Re: [Cherokee] mod_wsgi for cherokee?

Graham Dumpleton Mon, 25 Aug 2008 23:35:37 -0700

FWIW, if would do much better to Cherokee's credibility, presuming you
speak for its development team, if you present proper informed
analysis rather than conjecture and FUD.

Long rant below. :-)

On Aug 26, 2:25 am, Alvaro Lopez Ortega <[EMAIL PROTECTED]> wrote:
> Michael Schurter wrote:
> > Please forgive my naive question, but I've been following Cherokee for
> > a while without using it yet on any production servers.
>
> > Any chance of Cherokee speaking WSGI natively in the future like
> >mod_wsgifor Apache?
>
> > I've just been really happy withmod_wsgifor Apache, but I'd love to
> > switch to a lighter weight HTTP server like Cherokee.
>
> This is a very good question, indeed.
>
> My understanding is that we should not implement anything likemod_wsgi
> for a number of reasons.
>
> Firstly, from the architectural point of view it is simply madness: how
> would somebody want a web server to contain a huge interpreter that is
> linked against dozens of libraries?

Python itself is not some 'huge interpreter'. The runtime overhead of
an interpreter instance is only a few hundred kilobytes. The
misconception that it is much greater than this is because for years
Python distributions distributed by Linux systems only provided a
static library and not a shared library for the Python code. By
default when building Python from source code it also wouldn't install
a shared library. The result of this is that the Python library had to
be embedded into the Apache module and when this got loaded into
memory, because the object code wasn't relocatable, address
relocations had to be done at load time meaning the executable object
code became local process memory and so consumed a few extra MB per
process. When Python is installed properly with a shared library, as
Linux distributions now do, this is not an issue and one can see that
true memory use of the Python interpreter itself is quite minimal,
with object code in the Python library and also Python C extension
modules being shared and not per process.

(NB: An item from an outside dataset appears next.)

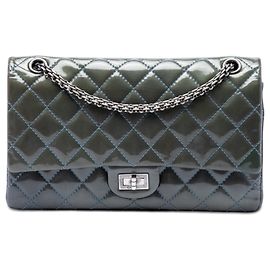 Chanel Green Quilted Patent Reissue 2.55 Double Flap 226 Vert Vert foncé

So, to blame the interpreter here is quite wrong. This isn't to say
though that the Python web application itself doesn't result in large
amounts of memory usage. Obviously you can load up a very slim web
application and the amount of memory it uses will be small, but one
can also load up one of the fat frameworks such as Django, Pylons,
Turbogears or Zope and it will take a lot more memory.

The real culprit here therefore is not the Python interpreter, but the
specific web application you load up. Even then the argument is really
quite stupid as the web application itself will still take the same
amount of memory whether or not it is hosted in the web server process
or in a back end process which the web server communicates to using
either HTTP proxying, SCGI or FASTCGI.

The only time where the amount of memory used by the web application
itself would be different is where the number of processes across
which the web application is run is different within a configuration
where embedded in the web server, versus as a backend application.
What am talking about here is where running Apache on UNIX systems
with prefork or worker MPM where it runs as a multiprocess web server.
In that case there would be a copy of the web application in each
Apache child process and so amount of memory is multiplied by number
of child processes.

This though comes down to how you configure Apache. Unfortunately most
people are totally ignorant as to how Apache works and don't even
understand that it uses multiple processes and what the implications
of that are. Thus they never review the standard Apache configuration
and make a more appropriate choice of Apache MPM and its configuration
when running Python web applications.

End result is that they see all this memory consumed by Apache and
blame Python when it is instead their inability to configure Apache
appropriately. One could have the same memory issues come up even when
hosting the web application in a back end process if you created
multiple instances and load balanced across them. When doing the back
end process approach though people have to do stuff to get it to work
and so don't switch their brains entirely off like they do with Apache
when it just happens for them automatically.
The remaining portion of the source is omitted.